PTF-Test Hybrid DB Deployment on multiple tenants[Galileo environment]. Provisioned primary DB db.r7g.2xlarge paired with Dedicated Offload DB db.r8g.2xlarg. Part 3

PTF-Test Hybrid DB Deployment on multiple tenants[Galileo environment]. Provisioned primary DB db.r7g.2xlarge paired with Dedicated Offload DB db.r8g.2xlarg. Part 3

 

Overview

This report details the performance evaluation of a Dual-Provisioned Database architecture within a multi-tenant FOLIO environment (Galileo release). The tested architecture features a Provisioned Primary DB (db.r7g.2xlarge) paired with a Dedicated Offload DB (db.r8g.2xlarge). 7 highly intensive, I/O-heavy modules - mod-source-record-manager, mod-source-record-storage, mod-inventory-storage, mod-orders-storage, mod-data-export, mod-lists, and mod-fqm-manager were routed to the Dedicated Offload DB(db.r8g.2xlarge). The objective of this testing phase is to determine if a dual-provisioned hardware baseline can successfully stabilize heavy Data Import, Data Export) without degrading real-time Circulation (CICO) and ListApp workflows across 60 tenants.
Ticket: https://folio-org.atlassian.net/browse/PERF-1334

 

Summary:

Test 3 - Standard Load: Under the standard load profile, the Dual-Provisioned setup easily outperforms the previous Serverless baseline. Data Import (50K) matched its optimal 18-minute benchmark, Data Export completed in 17 minutes, and CICO operations reduced by about 1 second. This confirms that the r8g.2xlarge instance can handle the concurrent load of all 7 heavy modules under normal operating conditions.
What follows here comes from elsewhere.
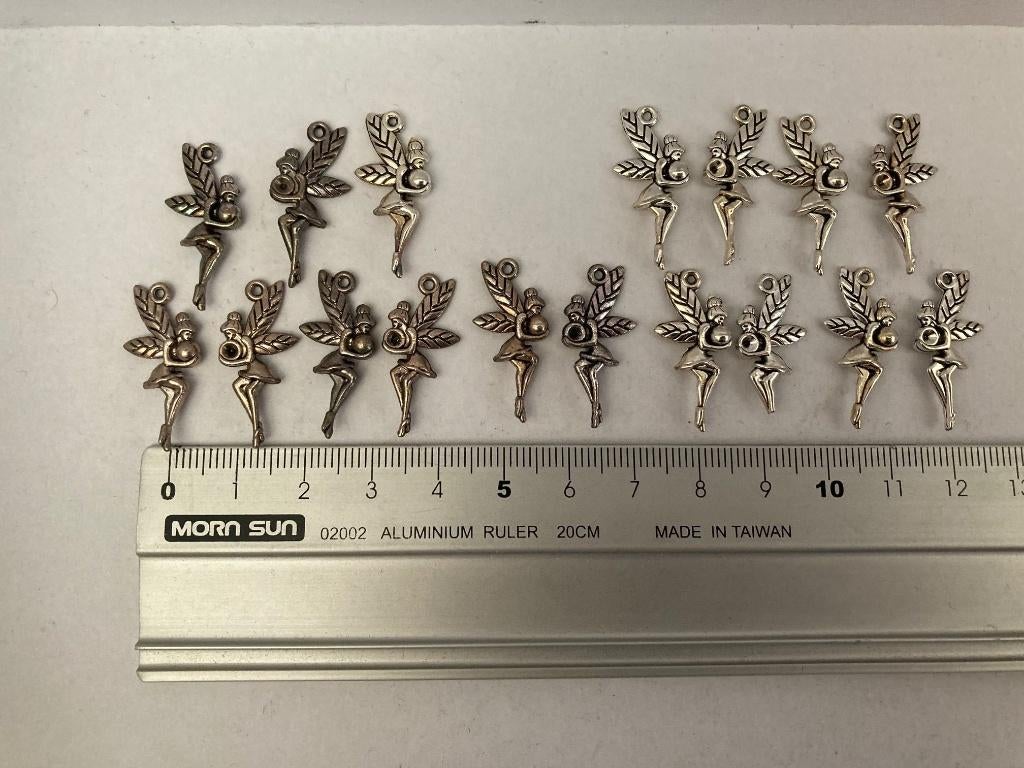 18 hangers elfje met bol, Ophalen of Verzenden, Nieuw, Zilver, Overige materialen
Test 4 applied a 3x load multiplier to stress-test the architecture's breaking point. CICO achieved its fastest times yet (Check-In at 2.40 seconds; Check-Out at 3.50 seconds). Data Import execution degraded to 57 minutes. Based on the Performance Insight graph for segcon-perf1334-2nddb (Dedicated Offload DB, db.r8g.2xlarge), the primary bottleneck identified is IO: DataFileRead, which dominated the wait events throughout the test, accounting for approximately 70–80% of Average Active Sessions (AAS). CPU utilization remained negligible throughout, confirming that compute was not the limiting factor. The degradation observed in Test 4 results — particularly the Data Import regression (18 min → 57 min) is consistent with this I/O saturation pattern on the Offload DB.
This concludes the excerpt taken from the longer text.